Task inputs ->
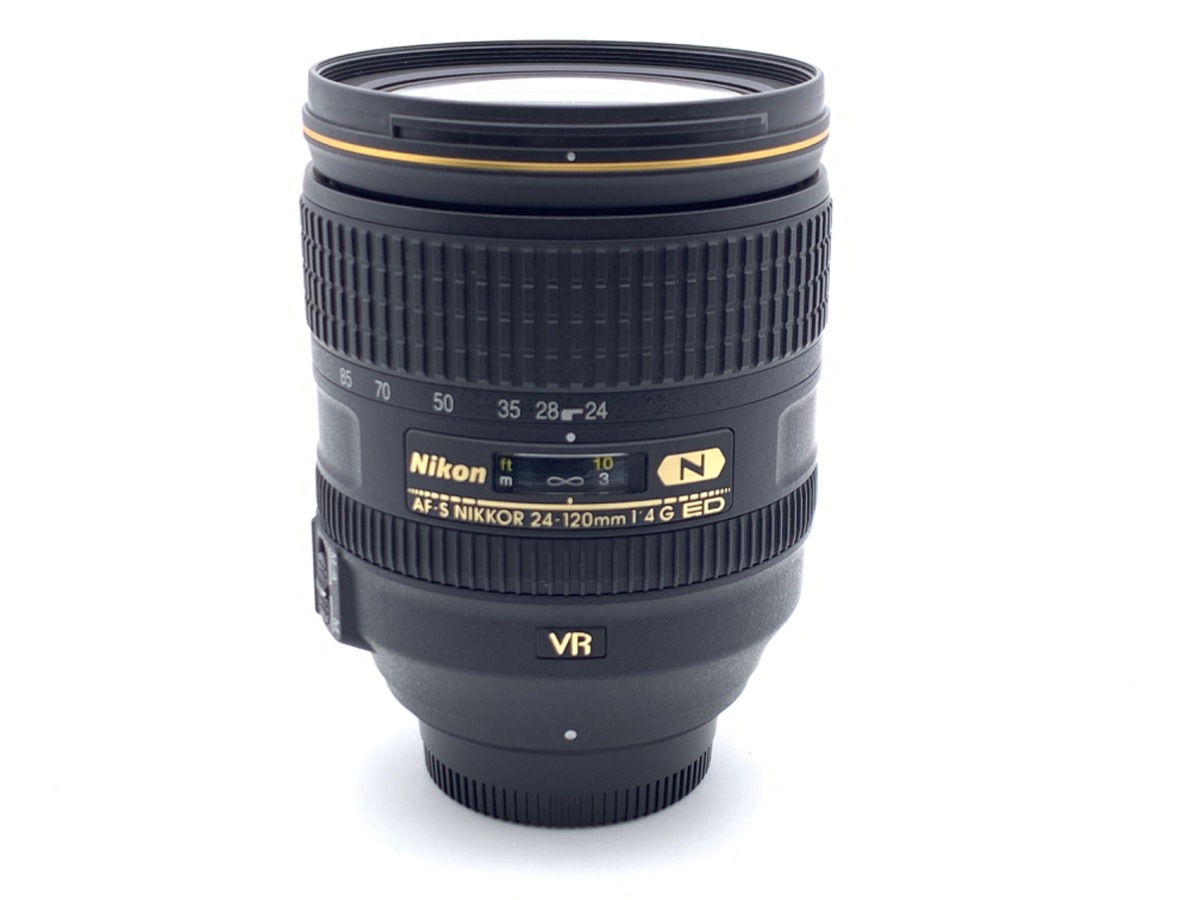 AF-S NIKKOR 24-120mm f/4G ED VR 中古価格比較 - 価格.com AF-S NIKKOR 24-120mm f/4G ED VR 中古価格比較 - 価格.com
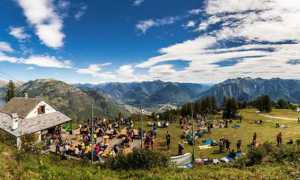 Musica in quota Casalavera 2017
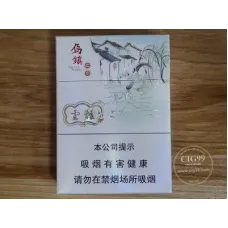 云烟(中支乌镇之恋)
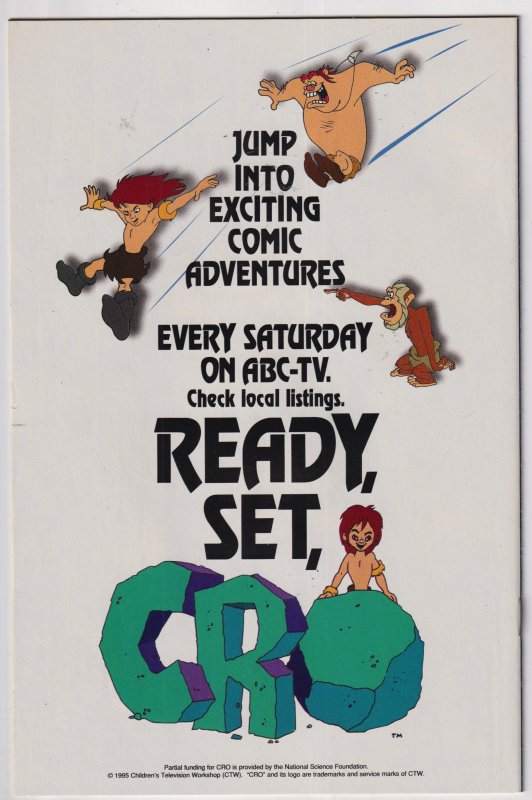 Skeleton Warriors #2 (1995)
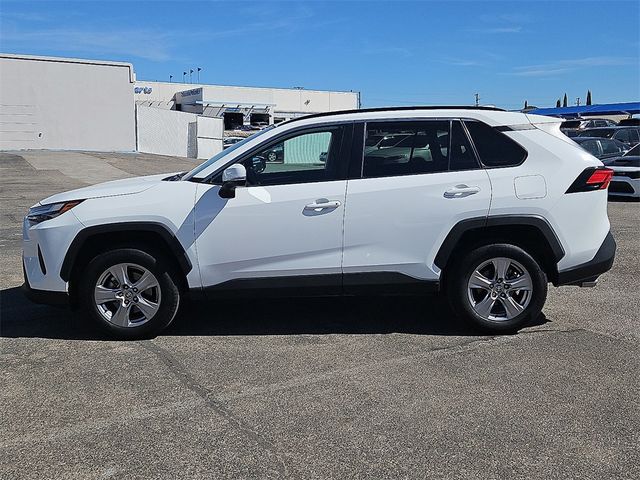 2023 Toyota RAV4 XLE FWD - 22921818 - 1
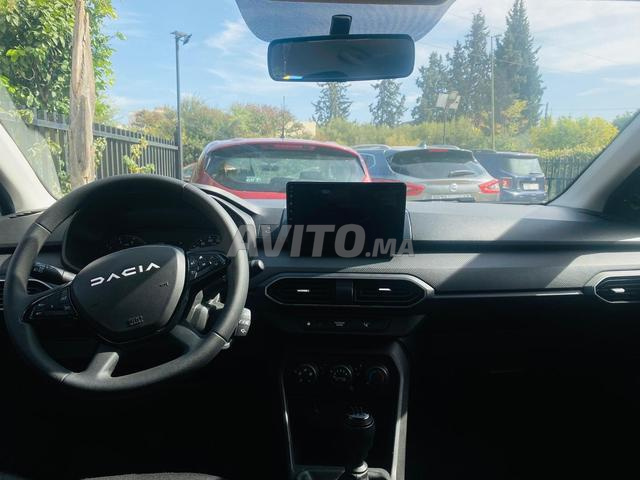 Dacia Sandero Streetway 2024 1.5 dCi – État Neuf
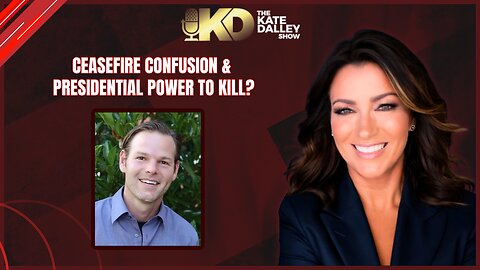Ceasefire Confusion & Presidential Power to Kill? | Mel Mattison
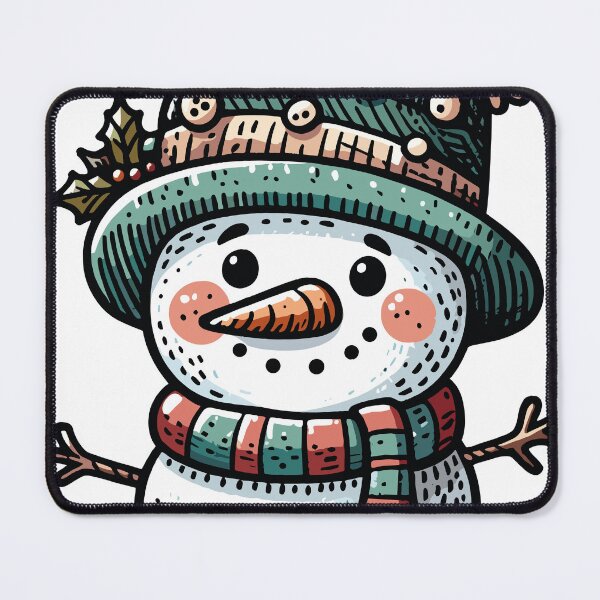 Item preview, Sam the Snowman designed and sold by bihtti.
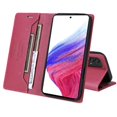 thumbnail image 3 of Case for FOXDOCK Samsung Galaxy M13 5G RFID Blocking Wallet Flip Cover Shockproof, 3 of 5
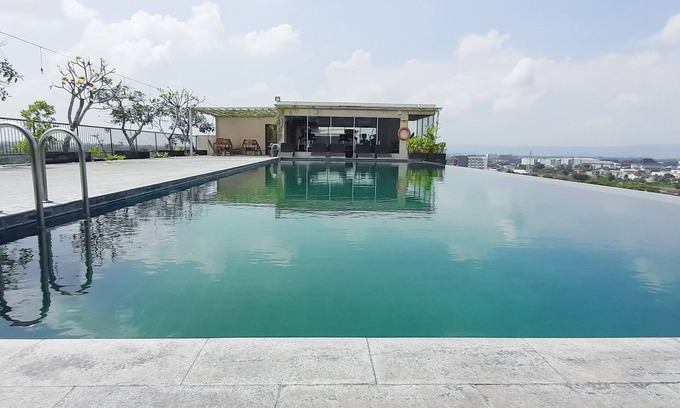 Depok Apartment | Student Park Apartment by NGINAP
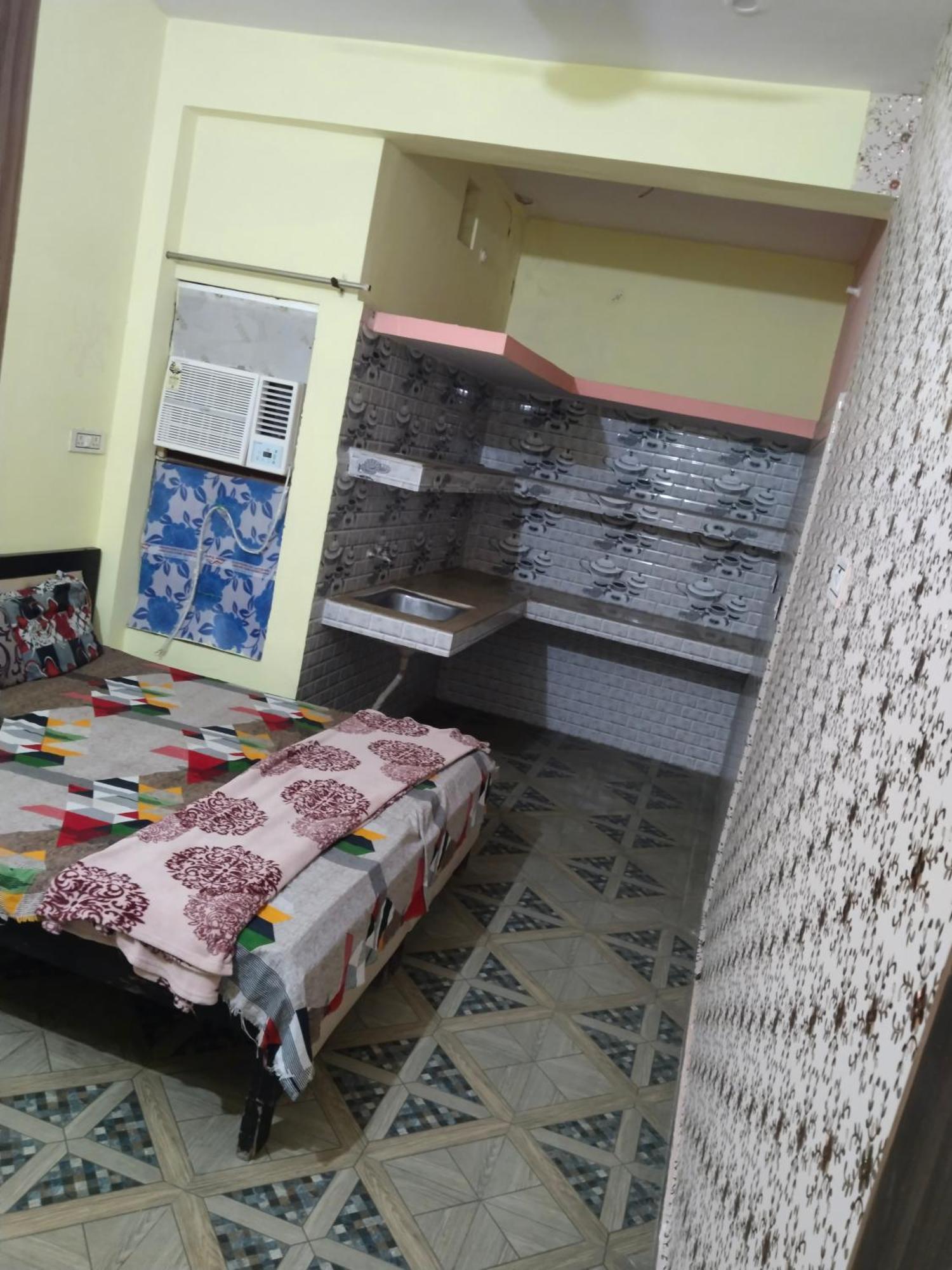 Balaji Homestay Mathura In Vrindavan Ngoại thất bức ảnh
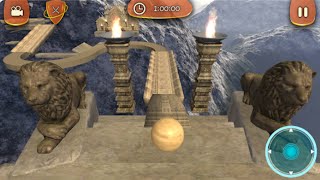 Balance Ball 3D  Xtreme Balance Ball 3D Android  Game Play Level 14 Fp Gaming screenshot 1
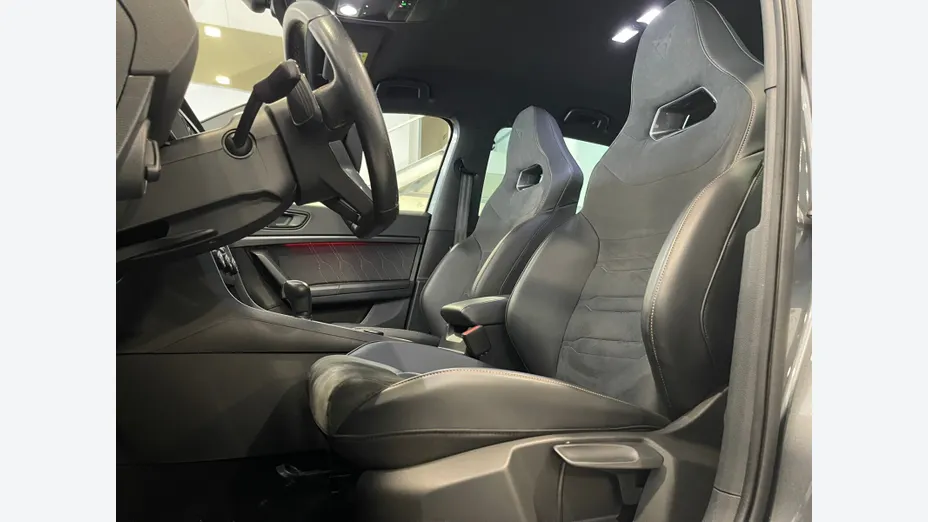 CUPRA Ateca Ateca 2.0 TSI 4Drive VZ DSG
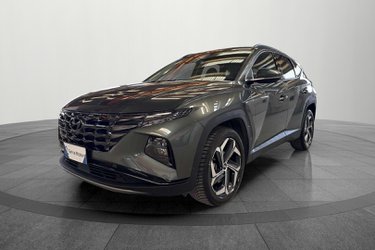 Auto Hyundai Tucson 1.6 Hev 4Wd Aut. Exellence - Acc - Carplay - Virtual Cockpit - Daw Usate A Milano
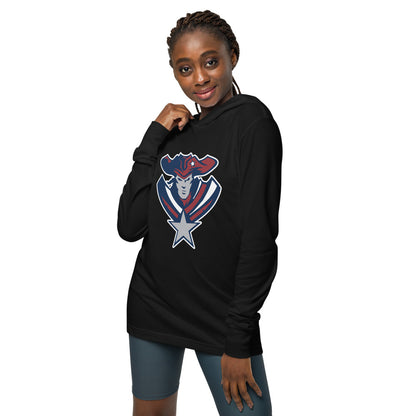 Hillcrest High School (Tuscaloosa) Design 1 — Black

What the task asks ->
Write out exactly the lines from the one containing "Item preview, Sam" through the end of the entries, both included. Pictures are not copied.

Answer for the task ->
 Item preview, Sam the Snowman designed and sold by bihtti.
 thumbnail image 3 of Case for FOXDOCK Samsung Galaxy M13 5G RFID Blocking Wallet Flip Cover Shockproof, 3 of 5
 Depok Apartment | Student Park Apartment by NGINAP
 Balaji Homestay Mathura In Vrindavan Ngoại thất bức ảnh
 Balance Ball 3D  Xtreme Balance Ball 3D Android  Game Play Level 14 Fp Gaming screenshot 1
 CUPRA Ateca Ateca 2.0 TSI 4Drive VZ DSG
 Auto Hyundai Tucson 1.6 Hev 4Wd Aut. Exellence - Acc - Carplay - Virtual Cockpit - Daw Usate A Milano
 Hillcrest High School (Tuscaloosa) Design 1 — Black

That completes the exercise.